Wisam Tamimi, 17 anos, em sua casa em Nabi Saleh, na Cisjordânia, em 2 de dezembro — Foto: Jaime Villanueva / El País

Wisam é um dos 171 adolescentes soltos em troca da libertação de reféns mantidos pelo Hamas durante a breve trégua na Faixa de Gaza, de acordo com dados de Abdallah Zughary, presidente da ONG Palestinian Prisoners Club. A maioria, 107, são menores entre 14 e 17 anos. Os outros 64 já têm 18 anos, mas não os tinham quando foram detidos. Três em cada quatro desses jovens não foram condenados por nenhum crime, segundo dados oficiais de Israel.

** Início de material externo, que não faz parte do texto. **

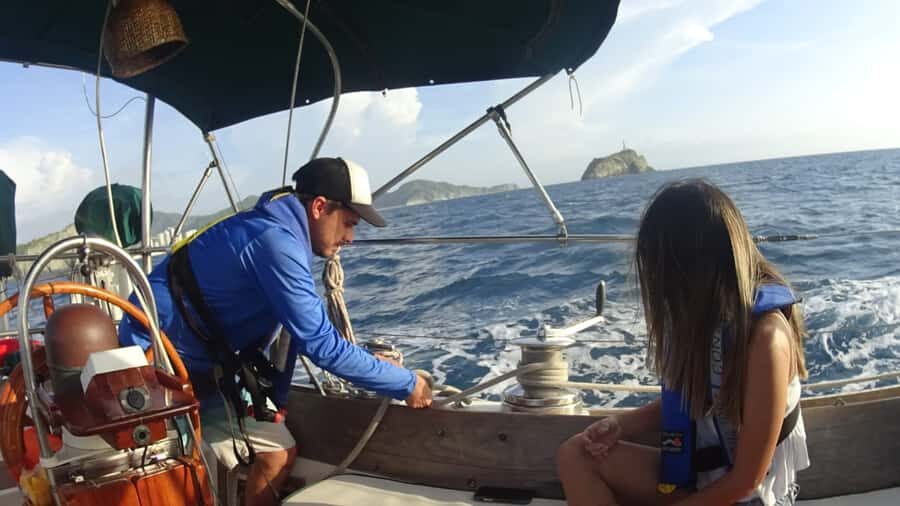 Santa Marta Bay: Sunset on a sail boat - The Itinerary Breakdown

Além dos primeiros cinco dias de isolamento, Wisam passou outros 35 sozinho em um centro de interrogatórios em Jerusalém, numa cela em que mal conseguia ficar em pé — ele mede 1,83 metros — nem dar mais de três passos, explicou. Foi nesse período de um mês, submetido a interrogatórios constantes e com uma luz na cela que piscava sem parar, que disse a si mesmo que “mais cedo ou mais tarde iria perder a razão”.

Cerca de 80 menores ainda estão presos

Antes de 7 de outubro, quando o Hamas matou 1,2 mil pessoas em Israel, pelo menos 250 adolescentes palestinos estavam detidos nas prisões israelenses, explicou o presidente do Palestinian Prisoners Club. Após a troca pelos reféns em Gaza, restam cerca de 80 menores nas penitenciárias de Israel, de acordo com a organização. Nas oito semanas desde o início da guerra em Gaza, outros 800 foram detidos em algum momento, embora a maioria tenha sido libertada posteriormente.

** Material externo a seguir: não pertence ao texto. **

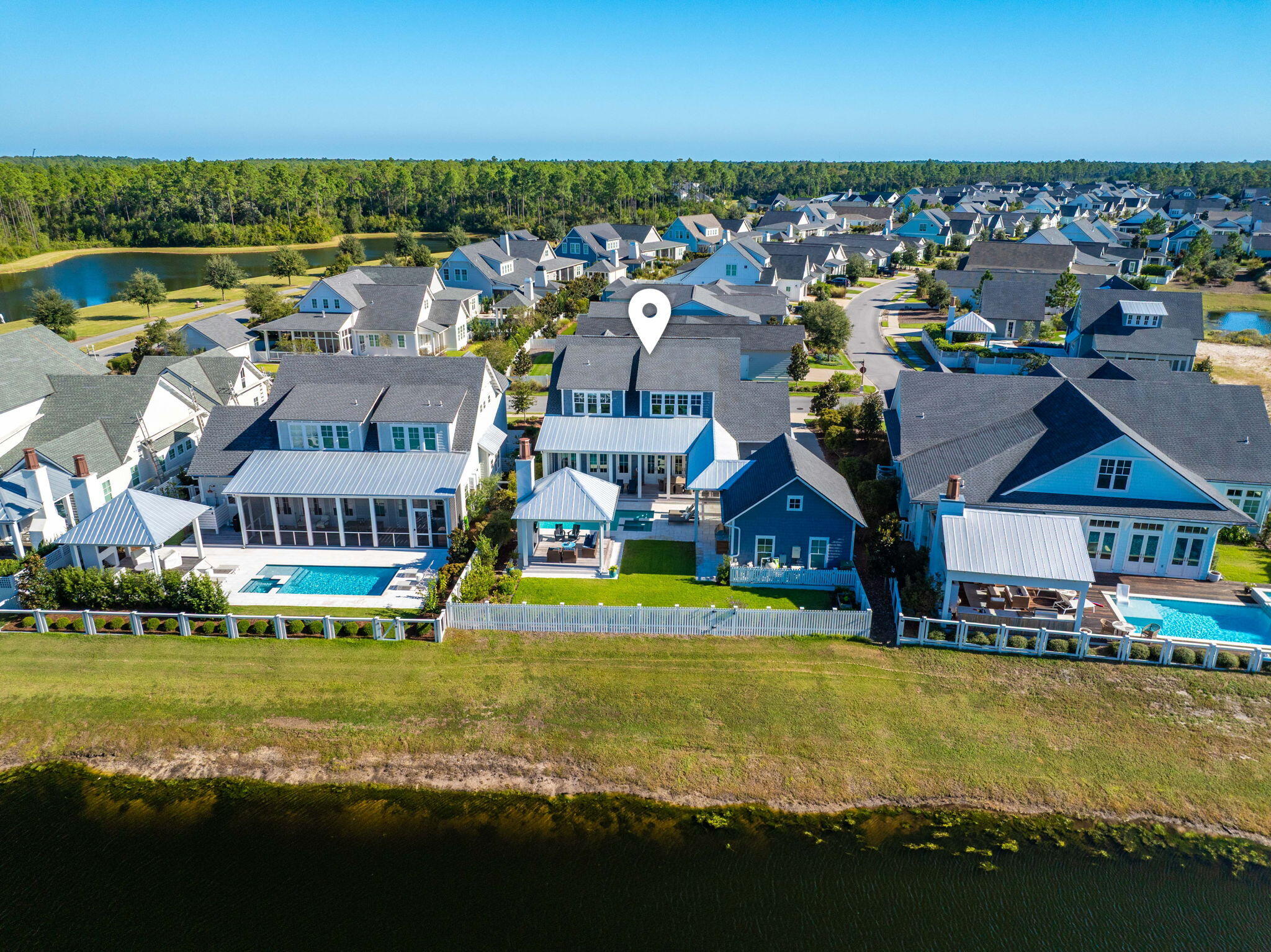 WATERSOUND ORIGINS - Residential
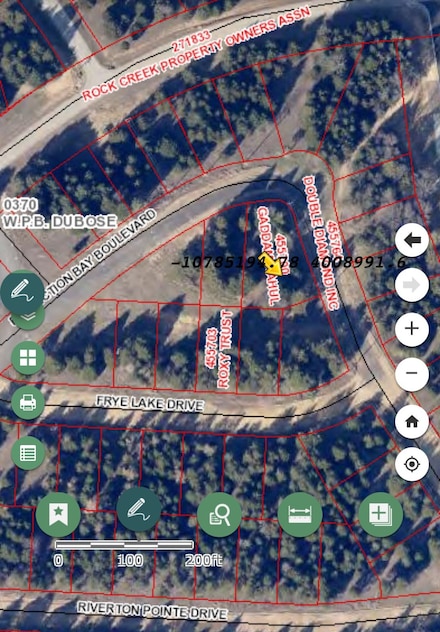 TBD Reflection Bay Blvd, Gordonville, TX 76245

Os menores palestinos em prisões israelenses, sejam do território ocupado da Cisjordânia ou de Jerusalém Oriental, estão sujeitos à jurisdição militar. Quando são julgados, o que muitas vezes não acontece, comparecem perante tribunais militares cuja taxa de condenação é de mais de 99%, de acordo com o Departamento de Estado dos Estados Unidos. Os tribunais militares julgam apenas menores palestinos. No raro caso de um menor judeu ser detido, a lei civil é aplicada.

— As crianças palestinas podem ser presas em qualquer lugar, em controles, a caminho da escola, durante operações em cidades e campos ou até mesmo em suas próprias camas — explicou Francesca Albanese, relatora especial da ONU sobre Direitos Humanos nos Territórios Ocupados da Palestina, em 28 de outubro, perante a Assembleia Geral das Nações Unidas. Desde 2000, 13 mil menores palestinos foram detidos, interrogados, julgados e presos em Israel.

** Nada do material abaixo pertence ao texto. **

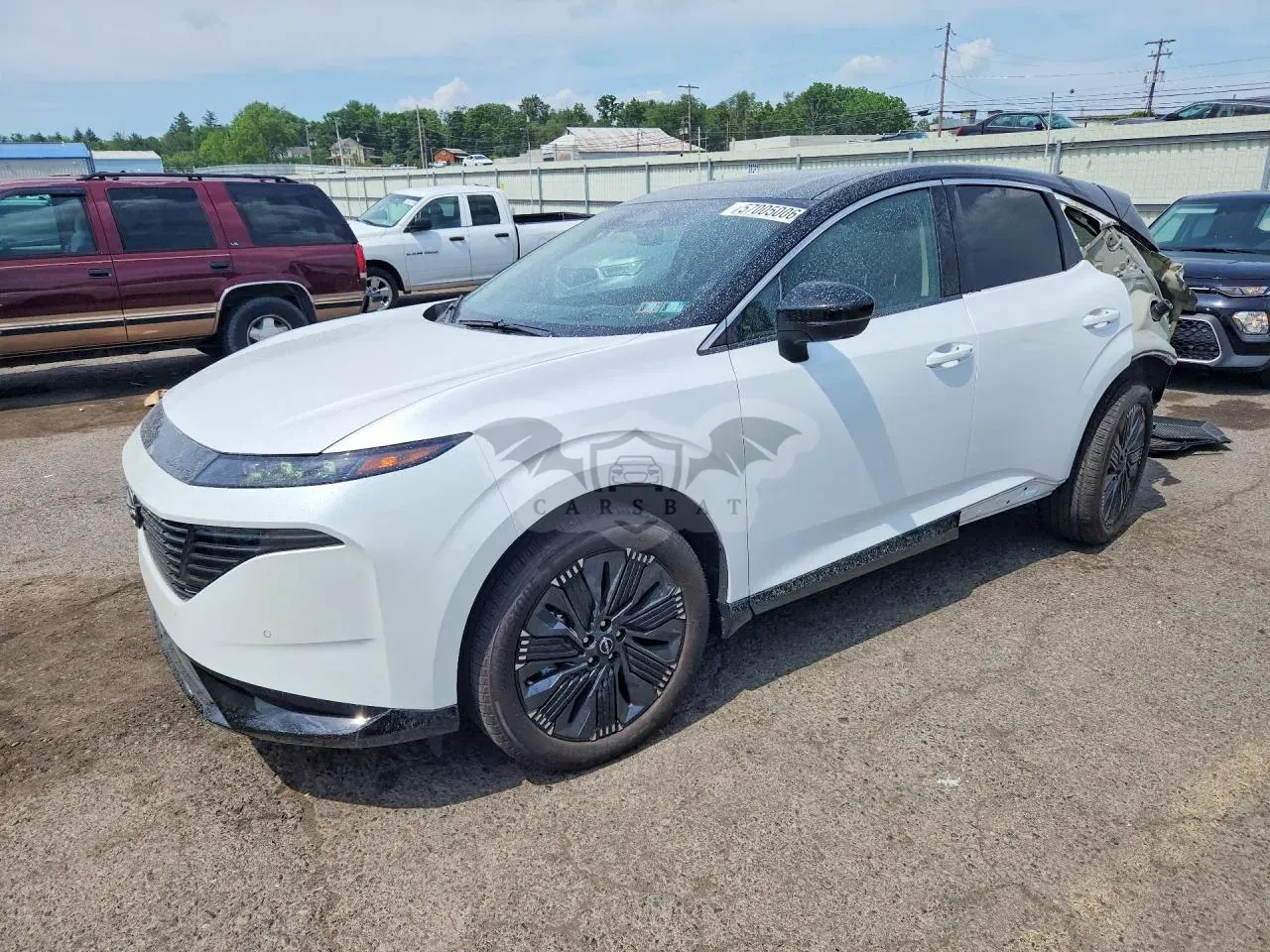 Nissan Murano 2.0L 4 2025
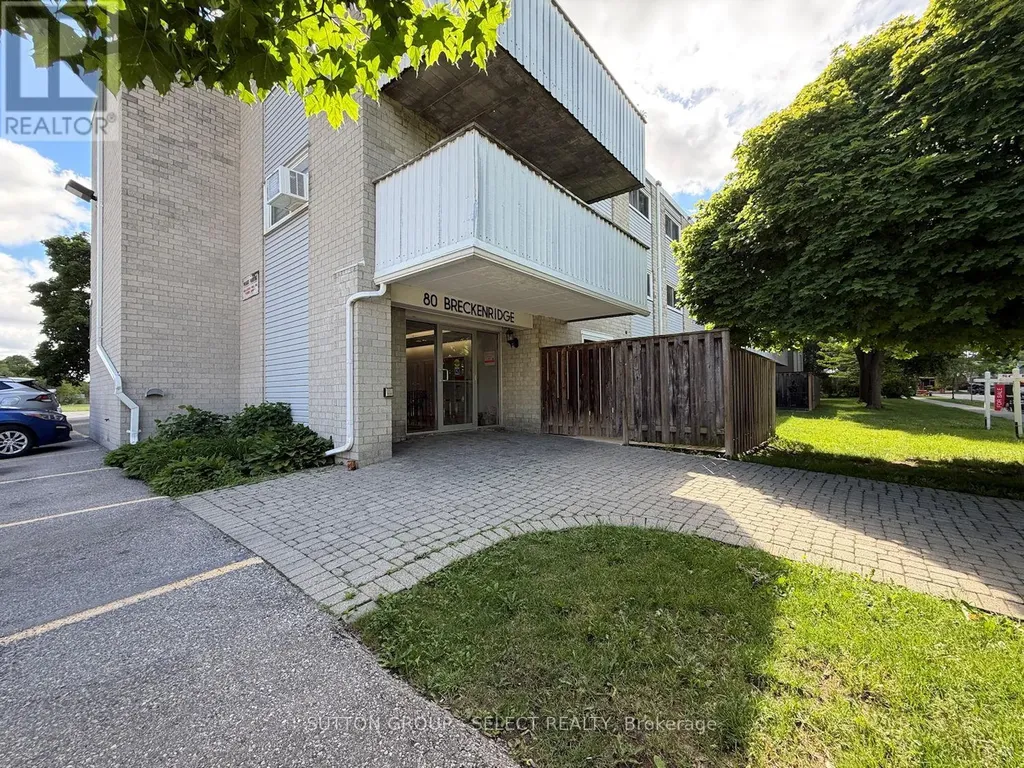 80 Breckenridge Drive Kitchener ON N2B 2N9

Crianças são agredidas e ameaçadas

Em 1991, Israel ratificou a Convenção da ONU sobre os Direitos da Criança, que estipula que os menores só devem ser privados de liberdade como medida excepcional, não devem ser detidos arbitrariamente e não devem ser submetidos à tortura, tratamentos ou penas cruéis. A realidade, registrada no relatório “Indefesos” de 2020 da ONG Save The Children, é que Israel condena à reclusão penal, considerada pela ONU como “um último recurso”, 99% das crianças palestinas julgadas.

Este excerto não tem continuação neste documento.